- Unusually, demand for food in Yemen declined during the past month of Ramadan.
What options do allies have in Yemen?
Opinions| 28 March, 2025 - 3:17 AM
The repercussions of the ongoing US military operation in Yemen, both in terms of its political significance and its military dimensions, are affecting the balance of power between Yemeni factions on the ground, and consequently its impact on the map of the local conflict. Although it is too early to predict this, what is more important is the impact of US deterrence mechanisms against the Houthi group on the choices of regional actors in Yemen, both in the context of the challenges they create and the gains they generate.
Yemen, a country where multiple proxies are active, has been subjected to the strategy of their allies in managing their influence. Beyond the root of the local conflict and the influence of proxies, with varying conditions of power and also their relationship with their allies, which allows or restricts the scope of effectiveness and influence, regional actors have confiscated the proxies' decision, resulting in linking the Yemeni issue to the political agendas of those actors, thus transforming Yemen into a multipolar area of regional influence.
Alongside Saudi Arabia, which manages proxies within a consensus authority, Iran, an ally of the Houthi group, constitutes the second pillar of the equation of influence in Yemen. In addition, the UAE dominates key proxies within the consensus authority system. While the Saudi-Iranian conflict has governed the course of the war, in contrast to the Saudi-Emirati rivalry in southern Yemen, the relationship with the United States has constituted another level that regulates (or escalates) tensions between the actors and their proxies.
On the other hand, the US escalation may increase the level of risks threatening Saudi Arabia, including turning it into a potential target for the group. The US escalation in Yemen may also impact Saudi diplomacy in the region, and consequently, its political and economic interests.
In contrast, the US escalation in Yemen poses other challenges regarding the group's deterrence mechanism and the extent of Saudi Arabia's involvement. In addition to Yemen's geographical proximity, which means any military escalation there would create security threats on its borders, Saudi Arabia's possession of local proxies in Yemen could make it vulnerable to US pressure to adopt an active role in deterring the group.
The ongoing maritime crisis also forces Saudi Arabia, a country bordering the Red Sea, to engage with the US policy of limiting the group's threats, thereby introducing new levels of challenges and risks. This is in addition to the effectiveness of the US deterrence policy against the group in securing Saudi interests and protecting it from the group's threats.
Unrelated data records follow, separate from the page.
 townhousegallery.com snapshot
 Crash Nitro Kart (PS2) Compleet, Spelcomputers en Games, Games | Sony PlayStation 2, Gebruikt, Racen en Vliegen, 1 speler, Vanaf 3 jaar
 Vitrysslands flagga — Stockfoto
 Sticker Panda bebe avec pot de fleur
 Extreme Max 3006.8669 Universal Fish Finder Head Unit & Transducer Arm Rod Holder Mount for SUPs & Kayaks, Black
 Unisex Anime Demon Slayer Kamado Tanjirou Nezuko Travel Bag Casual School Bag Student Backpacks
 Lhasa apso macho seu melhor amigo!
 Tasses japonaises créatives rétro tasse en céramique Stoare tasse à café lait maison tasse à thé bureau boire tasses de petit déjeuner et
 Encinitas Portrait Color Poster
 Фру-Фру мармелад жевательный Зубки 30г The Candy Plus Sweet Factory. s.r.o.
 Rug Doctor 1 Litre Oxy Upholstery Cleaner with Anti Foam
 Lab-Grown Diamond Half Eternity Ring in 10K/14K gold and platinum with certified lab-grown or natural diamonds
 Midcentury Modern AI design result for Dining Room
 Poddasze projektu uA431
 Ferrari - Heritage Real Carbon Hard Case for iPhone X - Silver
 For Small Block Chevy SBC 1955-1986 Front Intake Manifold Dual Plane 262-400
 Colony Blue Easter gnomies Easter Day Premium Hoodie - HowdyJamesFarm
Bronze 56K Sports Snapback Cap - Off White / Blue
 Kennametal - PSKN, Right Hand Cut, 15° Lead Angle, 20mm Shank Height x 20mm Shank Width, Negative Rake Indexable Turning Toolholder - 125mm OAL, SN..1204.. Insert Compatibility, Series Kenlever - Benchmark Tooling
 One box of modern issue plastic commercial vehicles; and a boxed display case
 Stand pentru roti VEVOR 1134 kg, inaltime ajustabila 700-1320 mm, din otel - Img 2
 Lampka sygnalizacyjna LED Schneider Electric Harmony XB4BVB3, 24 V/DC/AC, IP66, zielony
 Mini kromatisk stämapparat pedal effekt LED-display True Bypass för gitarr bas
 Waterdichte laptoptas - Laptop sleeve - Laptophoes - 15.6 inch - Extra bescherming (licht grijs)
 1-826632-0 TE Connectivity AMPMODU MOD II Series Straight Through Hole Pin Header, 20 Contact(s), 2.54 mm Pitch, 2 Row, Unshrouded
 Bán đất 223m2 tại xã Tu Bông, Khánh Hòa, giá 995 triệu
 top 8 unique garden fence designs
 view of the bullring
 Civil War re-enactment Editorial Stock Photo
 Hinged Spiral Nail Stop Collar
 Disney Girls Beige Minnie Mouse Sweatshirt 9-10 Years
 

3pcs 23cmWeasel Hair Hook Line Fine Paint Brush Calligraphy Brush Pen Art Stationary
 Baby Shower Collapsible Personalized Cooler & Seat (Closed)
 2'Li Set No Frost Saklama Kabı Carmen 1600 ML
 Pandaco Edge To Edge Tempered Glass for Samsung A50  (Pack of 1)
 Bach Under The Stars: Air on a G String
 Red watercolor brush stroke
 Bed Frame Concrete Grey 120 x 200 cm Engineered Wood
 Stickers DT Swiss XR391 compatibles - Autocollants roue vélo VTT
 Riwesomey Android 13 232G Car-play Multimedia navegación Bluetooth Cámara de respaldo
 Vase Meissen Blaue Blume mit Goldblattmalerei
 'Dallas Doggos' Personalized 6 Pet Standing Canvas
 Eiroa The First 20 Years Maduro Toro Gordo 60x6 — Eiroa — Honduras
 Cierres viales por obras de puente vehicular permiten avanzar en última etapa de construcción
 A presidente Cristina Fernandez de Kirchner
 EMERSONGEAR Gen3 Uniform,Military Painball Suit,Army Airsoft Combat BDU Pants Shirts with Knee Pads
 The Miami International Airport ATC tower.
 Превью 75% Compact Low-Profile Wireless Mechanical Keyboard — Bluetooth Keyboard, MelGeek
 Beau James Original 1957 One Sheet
In response to current regional tensions, Saudi Arabia has adopted a cautious policy toward US escalation, both against Iran and the Houthi group. On the one hand, after more than two weeks of US military operations, Saudi Arabia has distanced itself from the objectives and consequences of the operations, seeking to avoid any hostile actions from the group. However, US raids on the city of Saada, near the Saudi border, have raised the threat level within its borders, including the continued paralysis of shipping in the Red Sea.
However, the resumption of the Israeli war in the Gaza Strip does not only give the Houthi group a basis for continuing its attacks, whether against Israel (and subsequently against America), but it also undermines the Saudi diplomacy that it followed in formulating an Arab position regarding the future of the Gaza Strip, in a way that intersects with the American and Israeli vision of limiting the Islamic Resistance Movement (Hamas), and consequently with its allies in the region. Therefore, the Israeli escalation in Gaza, and also the American escalation against the Houthi group, eliminates the possibility of achieving stability in the region, and more importantly, it doubles the strength of the resistance forces, including the Houthi group.
On the other hand, while the US and Saudi strategies overlap in disrupting the influence of Iran and its allies in the region, Saudi Arabia's lack of military and defensive capabilities, whether to achieve a military balance with Iran or to protect its interests from threats from its proxy in Yemen, makes Saudi Arabia the losing party in the US deterrence strategy, and thus the US operation against the group.
At this time, a real and perhaps unprecedented challenge looms regarding Saudi diplomacy in managing the Yemeni issue, whether in terms of the future of the US military operation against the group, the levels of Saudi involvement, both militarily and politically, in supporting it, or the consequences of US economic sanctions against the group, and Saudi Arabia's role in imposing the economic blockade.
Saudi Arabia may therefore resort to a choice that balances its security considerations and its relationship with its American ally, by giving its agents in Yemen the option of confronting the group. However, the decisive factor here is the future of American pressure on Saudi Arabia regarding the Yemeni issue, and, of course, the means to eliminate the group.
It provides America, and also Israel, with military and political cover to change the security equation in the Yemeni islands and waterways, to contain the group’s threats, in addition to the control of its agents over the Yemeni coasts and waterways, albeit nominally. In addition to the presence of its agents in the Bab al-Mandab Strait, the control of its agents over the areas adjacent to the group’s authority in the city of Hodeidah, which constitutes the cornerstone of the American deterrence policy, including securing navigation in the Red Sea, gives the UAE an advanced position over other allies to wage the battle of support and backup, of course, according to the American light on its allies and the outcomes of the military operation against the group.